With the core part ready, we only need to wrap it in a loop and then in a function. That’s exactly what the next snippet does. First, we need to add a bit more to our code from above to make it a stand-alone C file. We need stdint.h for our datatypes and print out the desired function signature. The signature is the same as the hand-coded one from the beginning. Next we write out the loop and close the file. Thus, we now have a complete C implementation of our sum function sum ready at sum.c.

void generateCCode(const vector<Type> &cols, int colIndex) {
    string_view filePath = "sum.c";
    string_view funName = "sum";

    // Open a file stream for the program
    ofstream fs;
    fs.open(filePath, ios::binary);

    // Add stdint for uint32_t, ...
    ss << "#include <stdint.h>\n";
    // Write function signature
    ss << "uint64_t " << funName << " (const char* ptr, uint64_t elements) {\n";
    // Write the main loop
    ss << "uint64_t sum = 0;\n";
    ss << "while (elements--) {\n";
    ss << generateColumnCode(cols, colIndex);
    ss << "}\n";
    // Return the sum and close the function
    ss << "return sum;\n"; ss << "}\n";
    // Write the file and close it
    ss.flush();
    ss.close();
}

Compiling and Linking the Code

With the final C code at hand, the only thing left to do is getting it running within our program. On a conceptual level, we just have to compile the program to machine code and then make it known to the program we are running. So let’s take a look behind the curtain and explain how the magic works.

First, we compile the code using the C compiler cc. It generates native optimized (O1) code 2 and calls the executable sumit.so. We named it .so since it is a shared object (or library) rather than a standalone executable since we don’t have a main function present. However, it contains our desired function and we need to connect it to our program, which is where dlopen helps. It loads the object into our program and directly resolves all the contained symbols (RTLD_NOW). So we are almost ready to call our function. The only thing missing is to get the symbol we want with dlsym and return it as a function pointer with the right type.

The code snippet does everything you need and a little bit of error reporting. Otherwise, it would only be 3 lines. After each call, we check whether it was successful and return the results of dlerror otherwise. And in the final step, we cast the raw function pointer to the type sumFun, so that the compiler knows how to call it. And that’s it. The code works on both Linux and MacOS out of the box.
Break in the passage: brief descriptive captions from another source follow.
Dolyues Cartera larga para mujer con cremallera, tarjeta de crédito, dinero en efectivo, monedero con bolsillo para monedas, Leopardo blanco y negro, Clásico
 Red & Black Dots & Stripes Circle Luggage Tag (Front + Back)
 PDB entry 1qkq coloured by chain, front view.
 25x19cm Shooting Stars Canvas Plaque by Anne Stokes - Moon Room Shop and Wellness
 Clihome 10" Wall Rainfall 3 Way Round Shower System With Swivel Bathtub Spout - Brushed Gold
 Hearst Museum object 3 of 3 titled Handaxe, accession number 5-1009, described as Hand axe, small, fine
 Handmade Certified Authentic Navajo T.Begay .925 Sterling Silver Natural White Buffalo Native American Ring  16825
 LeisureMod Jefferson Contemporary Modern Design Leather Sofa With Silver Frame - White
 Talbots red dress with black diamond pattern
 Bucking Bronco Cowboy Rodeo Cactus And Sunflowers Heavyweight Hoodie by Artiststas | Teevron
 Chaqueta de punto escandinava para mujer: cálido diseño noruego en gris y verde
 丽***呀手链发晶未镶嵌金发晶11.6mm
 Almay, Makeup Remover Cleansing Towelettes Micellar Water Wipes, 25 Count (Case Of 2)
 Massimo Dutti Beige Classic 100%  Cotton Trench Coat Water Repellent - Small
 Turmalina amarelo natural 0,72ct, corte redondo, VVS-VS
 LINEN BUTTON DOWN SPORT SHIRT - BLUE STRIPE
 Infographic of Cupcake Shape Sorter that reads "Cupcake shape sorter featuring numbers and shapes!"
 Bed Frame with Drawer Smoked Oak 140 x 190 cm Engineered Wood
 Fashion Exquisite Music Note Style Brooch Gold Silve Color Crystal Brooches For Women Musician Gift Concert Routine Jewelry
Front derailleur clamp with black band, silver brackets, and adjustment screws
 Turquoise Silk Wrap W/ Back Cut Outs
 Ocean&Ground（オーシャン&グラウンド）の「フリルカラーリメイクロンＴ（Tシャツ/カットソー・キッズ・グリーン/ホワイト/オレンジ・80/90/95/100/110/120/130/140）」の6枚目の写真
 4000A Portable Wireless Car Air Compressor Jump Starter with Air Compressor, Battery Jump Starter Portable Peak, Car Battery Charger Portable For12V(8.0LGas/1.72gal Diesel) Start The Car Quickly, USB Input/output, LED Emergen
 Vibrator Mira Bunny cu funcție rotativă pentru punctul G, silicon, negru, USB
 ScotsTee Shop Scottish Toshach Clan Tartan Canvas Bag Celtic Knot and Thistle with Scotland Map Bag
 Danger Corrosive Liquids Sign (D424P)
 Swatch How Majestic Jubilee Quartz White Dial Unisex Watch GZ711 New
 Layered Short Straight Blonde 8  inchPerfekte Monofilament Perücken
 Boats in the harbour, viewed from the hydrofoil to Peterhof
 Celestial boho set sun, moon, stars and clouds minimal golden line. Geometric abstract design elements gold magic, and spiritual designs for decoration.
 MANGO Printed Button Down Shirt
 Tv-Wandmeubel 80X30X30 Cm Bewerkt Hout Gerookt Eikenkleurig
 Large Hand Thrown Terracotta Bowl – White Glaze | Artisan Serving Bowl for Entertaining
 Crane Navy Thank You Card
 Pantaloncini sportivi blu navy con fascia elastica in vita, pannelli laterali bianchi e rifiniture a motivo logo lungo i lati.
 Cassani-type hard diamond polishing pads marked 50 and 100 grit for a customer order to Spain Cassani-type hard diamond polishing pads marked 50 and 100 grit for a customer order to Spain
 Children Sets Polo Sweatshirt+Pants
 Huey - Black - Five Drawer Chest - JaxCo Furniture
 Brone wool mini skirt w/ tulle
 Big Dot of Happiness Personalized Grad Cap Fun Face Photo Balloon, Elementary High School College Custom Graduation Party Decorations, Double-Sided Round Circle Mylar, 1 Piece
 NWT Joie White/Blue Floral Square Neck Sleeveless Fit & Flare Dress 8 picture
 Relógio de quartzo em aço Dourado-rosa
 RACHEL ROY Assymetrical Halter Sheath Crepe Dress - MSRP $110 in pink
// Type of the sum function (like handwritten from above)
using sumFun = uint64_t (*)(const char *, uint64_t);

// Do the magic
sumFun compileAndLinkCCode() {
    // Call the c compiler on the file
    string command = "cc -shared -fPIC -march=native -O1 -o sumit.so sum.c";
    if (system(command.c_str()) != 0)
        return nullptr;

    // Dynamic load the compiled shared object
    auto handle = dlopen("./sumit.so", RTLD_NOW);
    if (!handle) {
        cout << dlerror() << endl; // Print the error messages
        return nullptr;
    }

    // Get the function pointer of the symbol sum (our function) out of the library
    auto res = dlsym(handle, "sum");
    if (!res) {
        cout << dlerror() << endl;
        return nullptr;
    }

    // Cast to the right type and return
    return reinterpret_cast<sumFun>(res);
}

Running the code

Running the code is now simple and almost a one-liner. What is very nice about this approach is that we can clearly see a difference between structure and data. The compile function only needs information on the structure, like the columns cols and which column to sum up. The runtime function sumFun only gets information about the data, which it then processes at the same speed as the hand-coded implementation.

uint64_t sumRecordsCodeGen(const std::byte *ptr, uint64_t elements, const vector<Type>& cols, int colIndex) {
    // Generate the function
    generateCCode(cols, colIndex);
    // Compile the function
    auto sumFun = compileAndLinkCCode();
    // Run the function
	return sumFun(ptr, elements);
}

Performance Numbers

Coming back to performance, let’s have a brief rundown of the performance numbers. We measured it on a MacBook Air. Using the record format and code we developed in this running example, we get the numbers on the left.

Comparison of Throughput with two different structs

Generating the data, which we just included for reference, took 1.7 seconds. The hand-coded and code generated version are equally fast and have a throughput of 65 GB/s. Just-in-time compiling the C code takes roughly 1 millisecond of the 64 ms total runtime. Performing all the extra checks in the hot loop clearly diminishes the performance as shown with interpreted. It basically handles one tuple at a time and has a throughput of 10 GB/s.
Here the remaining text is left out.